Getting your Trinity Audio player ready...

Por trás do nome @Tambundicestá Osani da Silva, 30 anos, natural de Acari, município do Seridó potiguar. Fotógrafo desde 2016 e cineasta desde 2021, Osani é uma das potências emergentes do audiovisual potiguar. Seu percurso começa com a sensibilidade de quem carrega no corpo e na imagem os traços de uma terra marcada por ancestralidade, afeto e ausência de registro.

Foi com a chegada da Lei Aldir Blanc, durante a pandemia, que ele estreou no audiovisual com o curta Morada (2021), documentando o cotidiano de sua cidade natal e de um amigo muito querido, Eilson Amarildo, o “Negão Azul”. Já havia ali o desejo de experimentar o audiovisual, como uma extensão do olhar que já vinha desenvolvendo através da fotografia.
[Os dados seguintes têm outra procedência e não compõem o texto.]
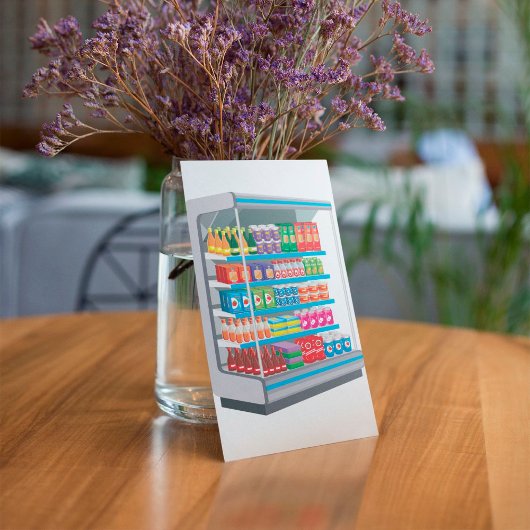 Invitation Réfrigérateur laitier de supermarché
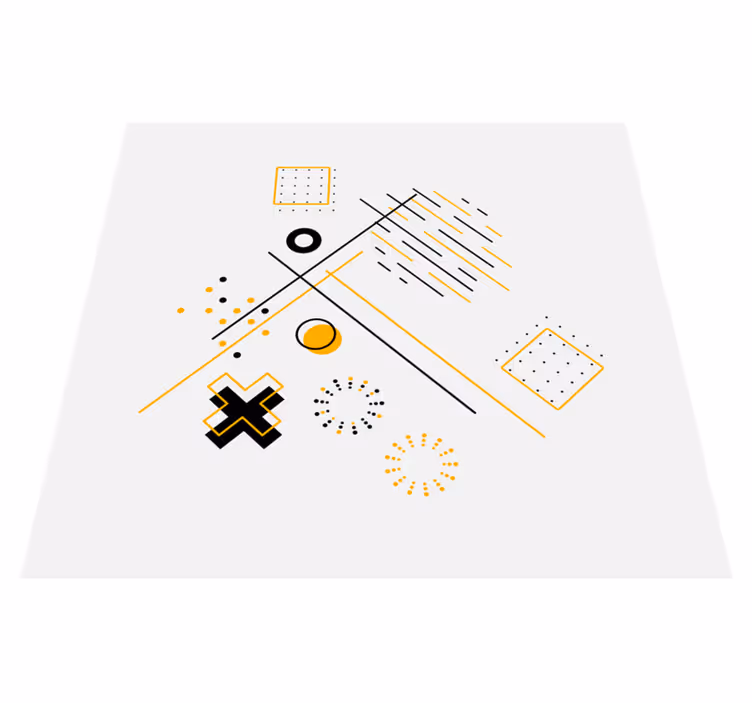 Tapis vinyle géométrique cercles concentriques - TenStickers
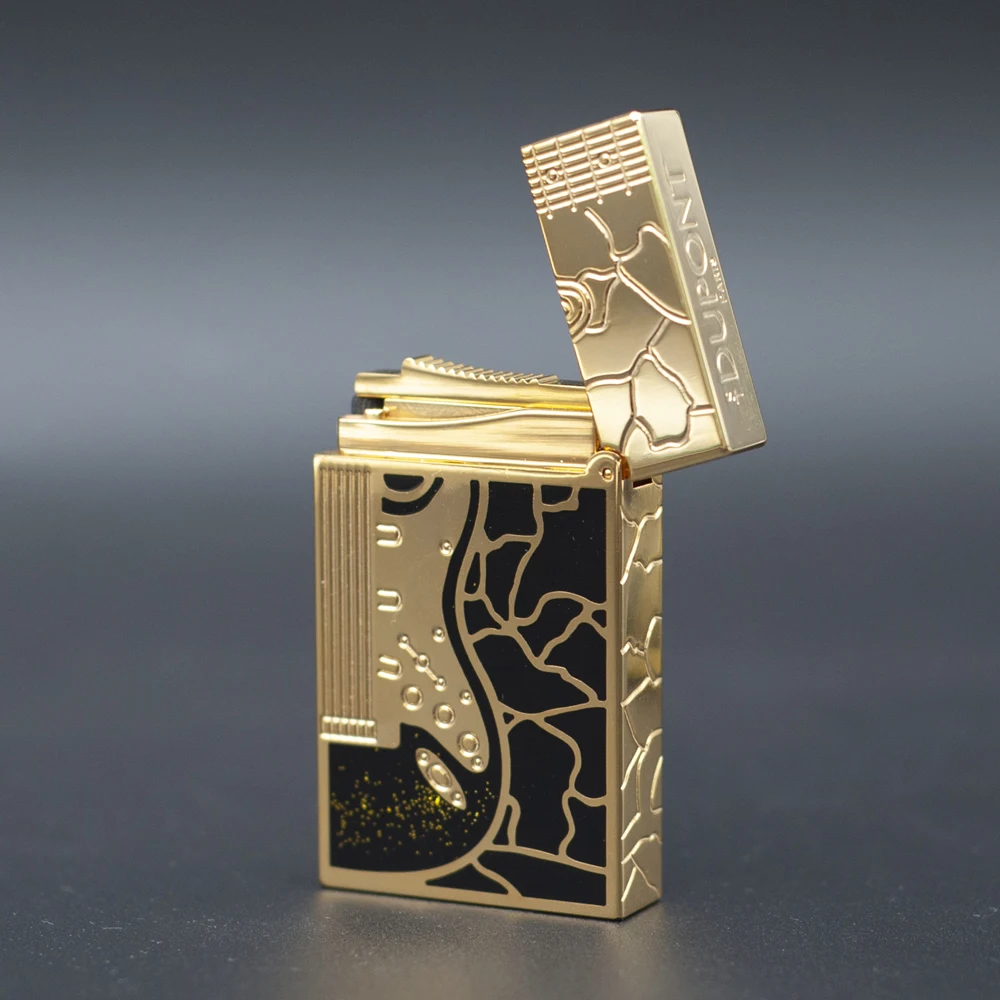 ولاعات السجائر للمدخن لينة لهب 100% النحاس مشرق الصوت ولاعة السيجار التبغ التدخين ملحق طبعة محدودة رجل هدية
O passo seguinte veio em forma de um filme que uniu raízes e intimidade: Vermelhocurta-metragem realizado a partir do edital municipal da Lei Paulo Gustavo.
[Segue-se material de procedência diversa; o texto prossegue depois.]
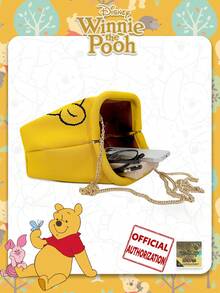 [Disney] Cartoon Pattern Clutch Shoulder Bag, Detachable Chain Party Handbag, Shopping Daily Crossbody Bag, Can Store Daily Essentials And Cosmetics - Multicolor - View 5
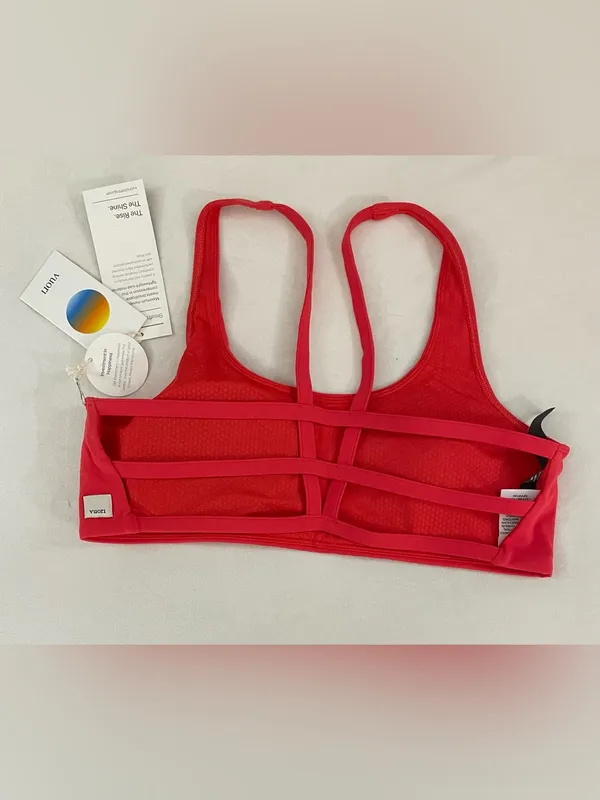 Vuori Yosemite NWT Red Strappy Back Sports Sports Bra Size L - Image 5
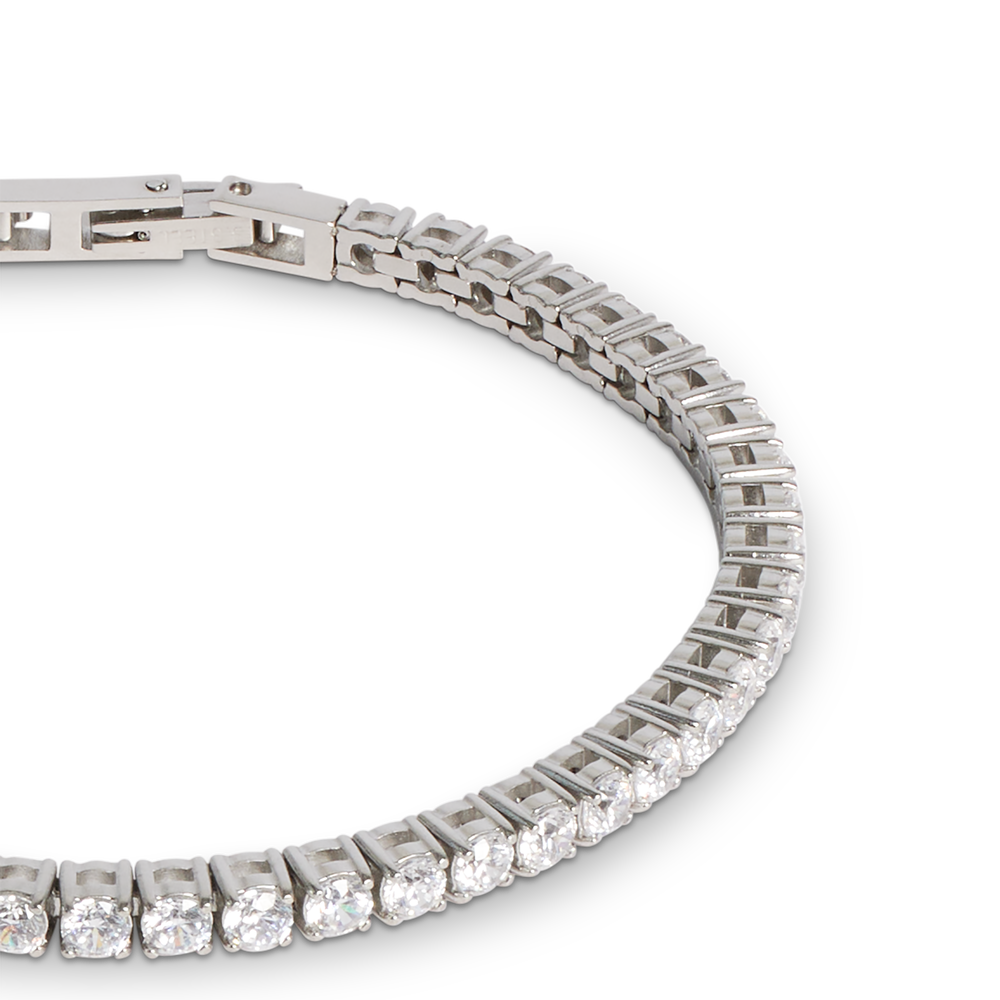 COEUR DE LION Tennis Bracelet with Zirconia Crystals Silver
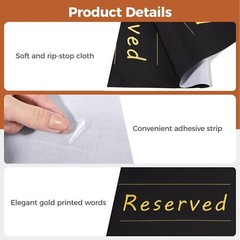24 Pcs Reserved Chair Signs, Church Pew Reserved Seating Placeholders, Reserv…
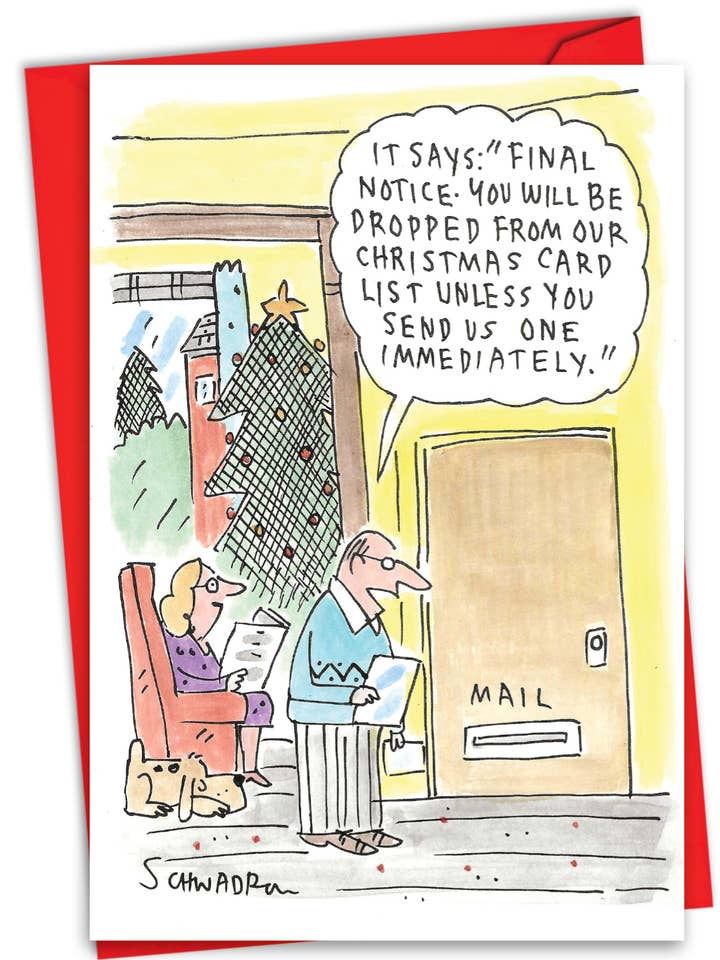 1 Funny Christmas Greeting Card-Happy Holidays Final Notice for wholesale by NobleWorks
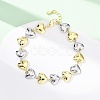 Brass Link Chain Bracelets for Women BJEW-G762-02GP-2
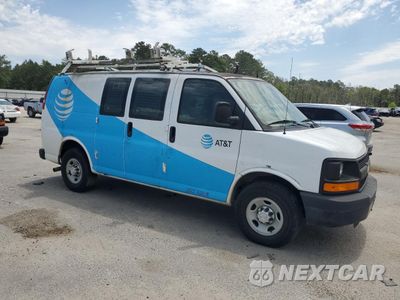 Czwarte zdjęcie samochodu z boku: 2015 CHEVROLET EXPRESS G2500 VIN:1GCWGFCFXF1229233 - miniatura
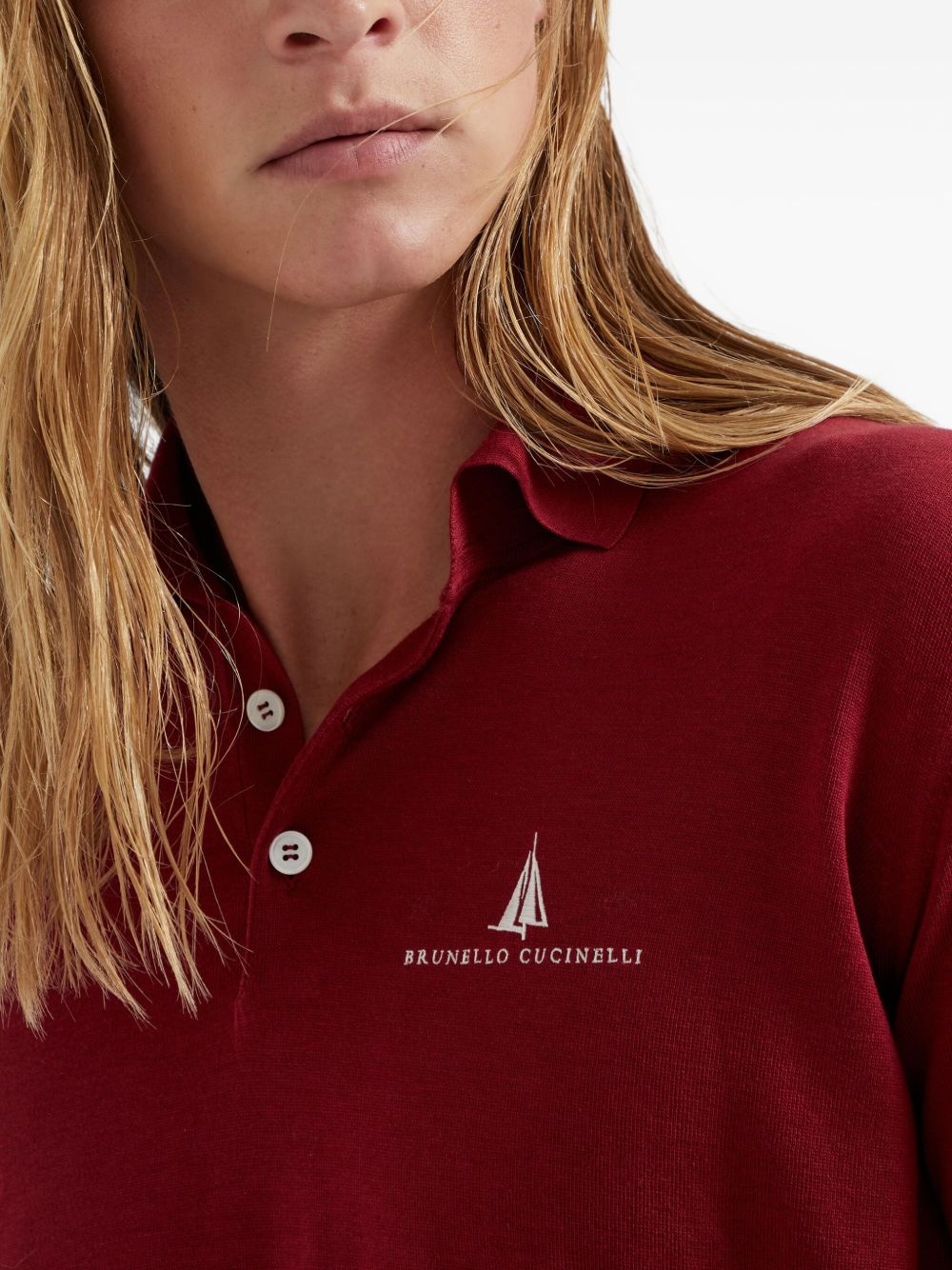 logo-print polo shirt - 5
Protagonizado por sua mãe, Edna Maria, conhecida carinhosamente como Pupá, o filme é um retrato terno e vibrante de uma mulher popular, cambista de jogo do bicho, festeira, rezadeira e livre. Pupá é mais do que personagem: é coautora. “Construímos juntos, desde o roteiro até as escolhas dos lugares onde ela se sentiria à vontade de ser filmada”, conta Osani. O filme é um gesto de retribuição, uma forma de afirmar a existência da mãe com dignidade, liberdade e potência. “Queria mostrar a existência da minha mãe, sua importância, sua liberdade. Ser mãe solteira, mulher de mais de 50 anos, que vive sua liberdade independente da sociedade, misturando a ancestralidade indígena, a reza, a cura das ervas, com o cotidiano do forró, da seresta, do batom e das unhas vermelhas.” Desde sua estreia, Vermelho vem trilhando uma trajetória potente e cheia de afeto. O filme foi premiado como Melhor Documentário no 10º Festival de Cinema Curta Caicó (FCCJ), conquistou o 1º lugar na VII Mostra Cine Diversidade, além de ter sido eleito Melhor Curta Brasileiro pelo Voto Popular no Cine Minhocão 2025. Até aqui, já são mais de 20 seleções em mostras, festivais e cineclubes pelo Brasil. Em cada exibição, o público reconhece na figura de Pupá o rosto de tantas outras mulheres marcadas pela força, irreverência e sensibilidade.

Desde sua estreia, Vermelho vem colecionando afetos e reconhecimentos. Foram mais de 20 seleções em mostras e festivais, além de quatro premiações. A cada exibição, o público se reconhece nas imagens da personagem-título. “Recebo retornos muito bonitos sobre como Pupá parece com tantas outras mulheres com seu mesmo rosto e trejeitos”, relata o diretor. Mais do que projeção, o filme oferece pertencimento, e isso, para ele, é o maior retorno. “Levar nossa história para o Brasil e o mundo é mostrar que podemos contar a partir da nossa própria narrativa e não mais pelo olhar alheio sobre nossos corpos.”

Memória é força

Essa autonomia narrativa é um dos pilares do trabalho de Osani, cuja fotografia sempre teve um pé fincado na terra natal. Desde que comprou sua primeira câmera por 300 reais, a vontade era clara: registrar o cotidiano, as pessoas, os detalhes que corriam o risco de desaparecer. Inspirado pela escritora bell hooks e seu pensamento sobre memória e imagem, Osani transformou o registro em missão: “A documentação pode se tornar uma obsessão”, ele cita, reafirmando a urgência de criar contra o apagamento.

Interior como cenário

Foi com essa urgência que também acompanhou um dos momentos mais emocionantes de sua trajetória como artista e acarienses: a sangria do açude Gargalheiras, após mais de uma década de seca. “Esperei por esse momento desde adolescente. Acordei às cinco da manhã, subi a serra mais alta para fazer as fotografias. Foi muito marcante poder registrar aquilo.” As imagens repercutiram nas redes e na imprensa, reverberando o olhar de quem, com intimidade e respeito, documenta sua própria terra.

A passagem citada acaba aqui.